ArtsEmerson presents a modern reimagining of August Strindberg's 19th century play “Miss Julie.” In “Julia,” a young woman enters into a relationship with one of her family’s employees resulting in a wrenching and destructive storm, laying bare the dynamics of race, power and gender. Throughout the play, a lone camera circles the action—spotlighting the unique and sometimes blurred perspectives on the events occurring in real time. Every performance of “Julia” is also followed by a talkback with director/playwright Christiane Jatahy and actors Julia Bernat and Rodrigo de Odé. A warning: the play includes explicit sexual content.

“The story is layered, it's complicated [and] really navigates class and gender dominance,” says ArtsEmerson Executive Director David Howse. “The content of the story itself, it needs to be lifted. And for us [at ArtsEmerson] it's both the point and the prompt.”

“Minari,”

streaming via the A24 Screening Room and showing at Showcase Cinemas de Lux and Landmark’s Kendall Square Cinema

“Minari” presents a fresh take on the American dream. In this semi-autobiographical film directed by Lee Isaac Chung, “Minari” follows the story of a Korean-American family moving from California to rural Arkansas in the 1980s to start a farm. But their hopeful Garden of Eden is fraught with challenges thrust upon strangers in a strange land who are trying to assimilate, climb economic rungs and keep their family whole.

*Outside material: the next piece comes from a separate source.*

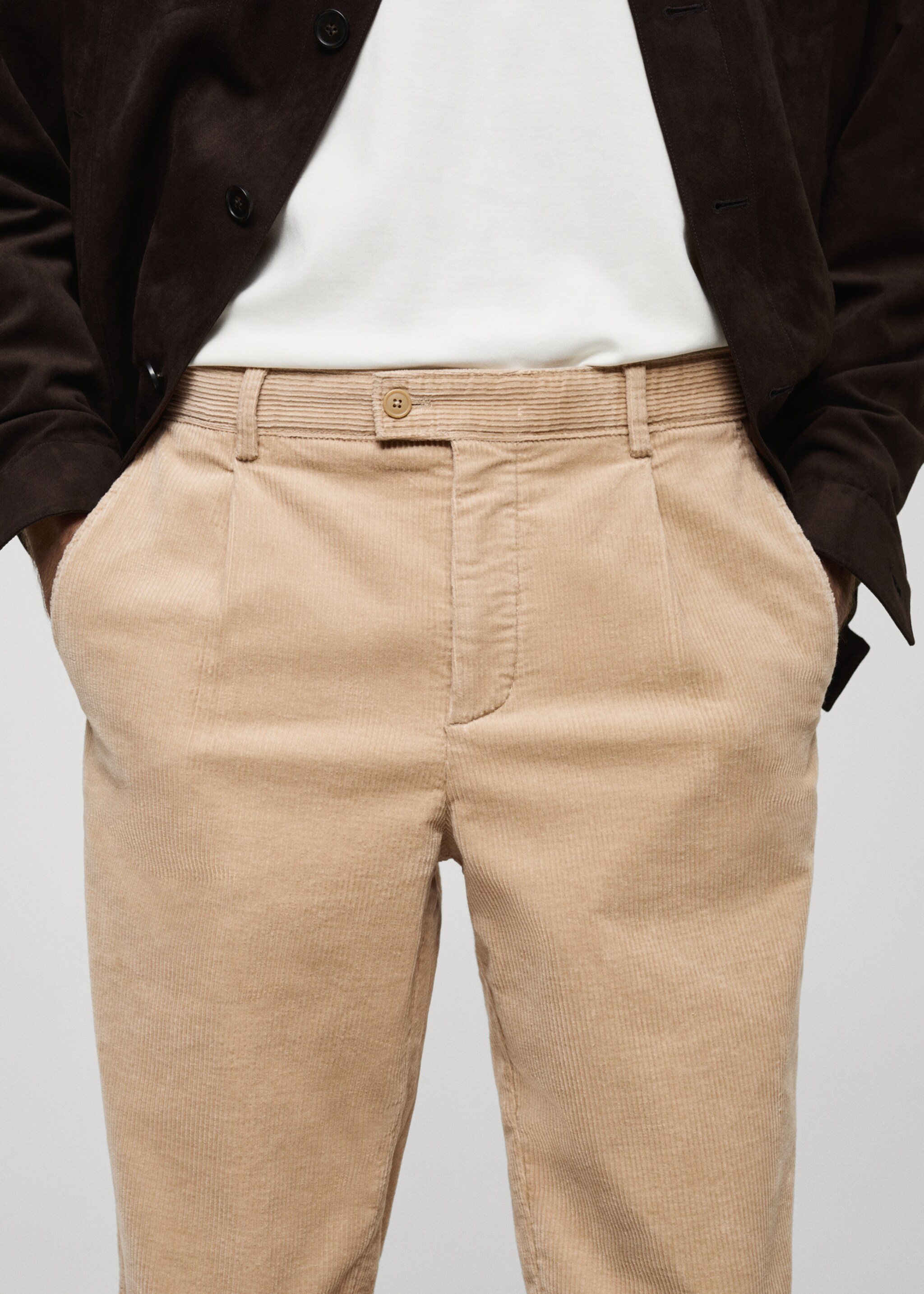 Pantalon velours côtelé pinces straight-fit - Détail de l'article 1, Beige. Ref: 77017921-00.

“What’s especially marvelous in an already exquisite film is how significantly we access the story through each of the finely rendered characters,” said Bowen. “From the endless joy a new, wide-open landscape affords the children, to the possibilities dreamed by the adults, to the sense of joie de vivre manifested by a grandmother with no patience for anything but moving forward in her latter days.”